Depois deles não apareceu mais ninguém. Cópias sempre abundaram, algumas excelentes como Cornell Woolrich, outras baratas como Mickey Spillane e Frank Gruber (se alguém acompanhou a antiga “Colecção Vampiro”, uma série de livros de bolso portugueses vendidos aqui nos anos 60 e ainda hoje encontráveis nos sebos, leu muitos livros destes últimos — e aprendeu que “tira” em lusitano é “chui”). Mas era apenas mais do mesmo, fotocópias cada vez mais esmaecidas e esquematizadas. Rex Stout fez uma mistura até interessante dos dois principais gêneros policiais — o inglês cerebral e o americano durão –, mas faltava algo: era como alguém misturando um Romanée-Conti e Evian. Mais recentemente, gente como John D. MacDonald, Lawrence Block e outros até que se esforçou, mas o espírito do detetive noir acabou desvirtuado. Esqueça o que falam dos novos lançamentos: são todos inferiores, sem exceção.

Foi só com Walter Mosley que o noir voltou a ter algum significado. Desta vez, quase literal.

Mosley é negro (algo que tem mais importância nos EUA do que aqui), e seu personagem, Easy Rawlins, é um negão esperto que enquanto se mete na mais profunda sujeira humana acompanha a evolução das relações raciais nos Estados Unidos entre os anos 40 e 60.

Não que Mosley esteja no mesmo nível da santíssima trindade do noir. Longe disso. Nem que seja exatamente original — ele deve muito a Chester Himes para ser considerado novo. Mas originalidade não é exatamente o principal requisito neste gênero. O assunto é sempre o mesmo: morte, dinheiro, sexo. O que conta aqui é principalmente o estilo e a capacidade de observação da natureza humana no que ela tem de, se não pior, de mais falho, mais rasteiro. O nome vem daí: da atmosfera escura e opressiva.

E nisso Mosley foi o primeiro grande sopro de vida num gênero que parecia morto. O primeiro livro da série de Rawlins, “O Diabo Vestia Azul”, é brilhante. Para mim, um fã eterno do gênero, foi quase uma bênção ver que um dos meus gêneros preferidos tinha sido presenteado com uma nova força. Isso me fez comprar os outros livros de Rawlins, que não foram lançados no Brasil (a Amazon é uma das melhores invenções da humanidade).
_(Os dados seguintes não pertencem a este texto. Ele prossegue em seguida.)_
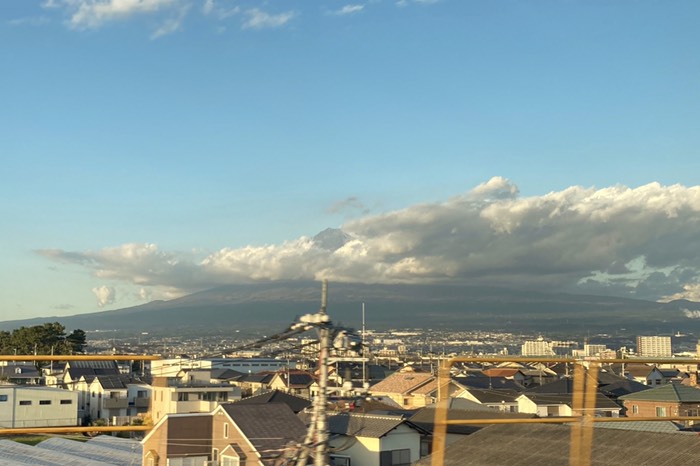富士山の頭見えた！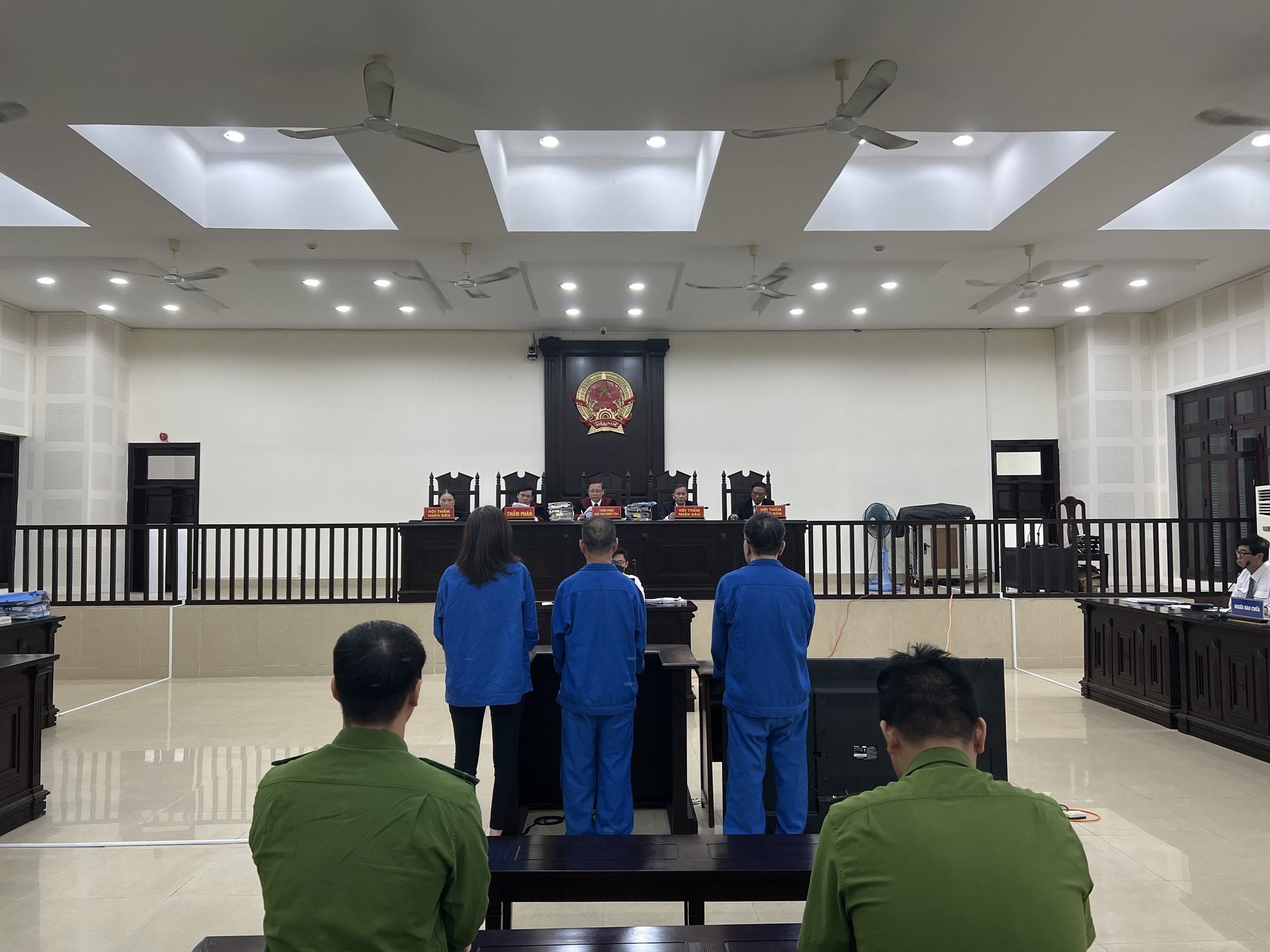 Đại gia Trung "lửa" và thuộc cấp hầu tòa tại Đà Nẵng- Ảnh 2.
E todos eles valeram a pena.

Isso foi em 2001. Parece que Mosley soltou mais um livro da série. É uma boa pedida.

3 thoughts on “Walter Mosley

  1. Hmmm… Essa coisa de literatura “noir” me fez pensar em outro estilo literário, o dos livros românticos de edição pobre destinados ao público feminino. Vejo que há duas correntes de autoras desses livrinhos com histórias de amor para donas de casa desiludidas: a corrente de Barbara Clartland e a corrente das “outras”, representadas pelas coleções “Júlia”, “Sabrina”, “Bianca” e afins. Lady Cartland capricha nos detalhes pomposos e aristocráticos e prima pela inocência dos relacionamentos amorosos. As outras nem chegam perto dessas filigranas, mas capricham no sexo, na sacanagem, de modo brega mas picante. Prefiro essas últimas. Afinal, pelo menos um certo tesão nos garantem.

  2. Rarafel,
    Preciso saber o nome do tradutor do livro de Walter Mosley, Devil in a Blue Dress (O diabo Vestia Azul). Voce pode me ajudar?